North Korea had floated the idea to the United States of building a neutral state on the Korean Peninsula when the communist state witnessed the late 1980s detente that led to the collapse of the Cold War, according to South Korea‘s diplomatic document revealed Friday.

Released to the public by the Foreign Ministry, the document said North Korea asked former Soviet Union President Mikhail Gorbachev to deliver such proposals to then-US President Ronald Reagan during their summit in 1987. 

Titled as the Democratic People‘s Republic of Korea’s proposal for establishing buffer zone and neutral country, the document also included the scaling down of the two Koreas’ armed forces, removal of nuclear weapons on the Korean Peninsula and withdrawal of US troops stationed in South Korea.
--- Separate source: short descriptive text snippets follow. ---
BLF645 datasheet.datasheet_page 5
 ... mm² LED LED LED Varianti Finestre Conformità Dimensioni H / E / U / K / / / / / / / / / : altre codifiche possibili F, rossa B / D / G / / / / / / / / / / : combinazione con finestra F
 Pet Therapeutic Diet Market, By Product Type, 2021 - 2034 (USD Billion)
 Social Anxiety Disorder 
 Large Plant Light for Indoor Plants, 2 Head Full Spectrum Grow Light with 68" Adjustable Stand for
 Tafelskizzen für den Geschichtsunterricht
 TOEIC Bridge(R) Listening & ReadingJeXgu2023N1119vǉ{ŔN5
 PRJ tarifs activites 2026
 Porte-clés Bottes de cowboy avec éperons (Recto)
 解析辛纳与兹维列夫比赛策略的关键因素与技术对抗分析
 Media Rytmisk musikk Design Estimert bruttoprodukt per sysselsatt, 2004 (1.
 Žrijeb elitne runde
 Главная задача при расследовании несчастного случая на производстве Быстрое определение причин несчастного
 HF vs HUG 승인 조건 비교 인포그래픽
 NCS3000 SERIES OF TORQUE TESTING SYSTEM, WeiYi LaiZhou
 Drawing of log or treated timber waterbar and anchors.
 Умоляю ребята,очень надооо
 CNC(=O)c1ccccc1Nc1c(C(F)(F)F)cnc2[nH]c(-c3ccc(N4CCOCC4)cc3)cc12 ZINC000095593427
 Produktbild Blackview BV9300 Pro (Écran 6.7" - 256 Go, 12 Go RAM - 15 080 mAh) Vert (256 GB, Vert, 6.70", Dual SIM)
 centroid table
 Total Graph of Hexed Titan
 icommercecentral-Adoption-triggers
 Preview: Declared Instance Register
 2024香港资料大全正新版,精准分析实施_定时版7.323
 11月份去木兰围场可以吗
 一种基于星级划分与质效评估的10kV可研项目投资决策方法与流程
“The two Koreas should dramatically cut the number of troops and reduce it to the point for self-defense,” the document quoted North Korea as saying. “The two Koreas should keep the number of troops less than 100,000 for each… All nuclear weapons and foreign troops must be withdrawn.” 

Diplomatic document released by the Ministry of Foreign Affairs. Yonhap
Diplomatic document released by the Ministry of Foreign Affairs. Yonhap

The North Korean proposal was hand-delivered by Gorbachev to Reagan during their meeting in Washington on Dec. 9, 1987. But the idea, however, was later dismissed as “unrealistic” by both Seoul and Washington, which doubted the hidden motive behind Pyongyang’s overture, according to the document.

About a week later, South Korea’s foreign ministry and its embassy in the US exchanged diplomatic cables, in which then-Foreign Minister Choi Kwang-soo described the North’s proposal as “grandiose and unrealistic” and instructed his views to be shared in Washington, the document said.

The US response to North Korea’s proposal was briefed to the foreign minister in January 1988, the document added, noting that Washington echoed the South Korean skepticism over the North Korea’s diplomatic overture.

“It is the issue that should be handled by the South Korean government,” the report quoted the US government as saying. “Such a proposal is unrealistic without North Korea’s tangible and viable measures to build confidence in economic and humanitarian issue.”

After being met with skepticism by the US and North Korea, Moscow’s then-foreign minister Eduard Shevardnadz proposed his own version of expanding the detente to the inter-Korean relations by pushing for the two Koreas’ simultaneous admission to the United Nations under the unified country title.

However, the idea was not fulfilled. The two Koreas joined the UN simultaneously in 1991, but earned the membership with their own official titles -- Republic of Korea for South Korea and Democratic People’s Republic of Korea for North Korea.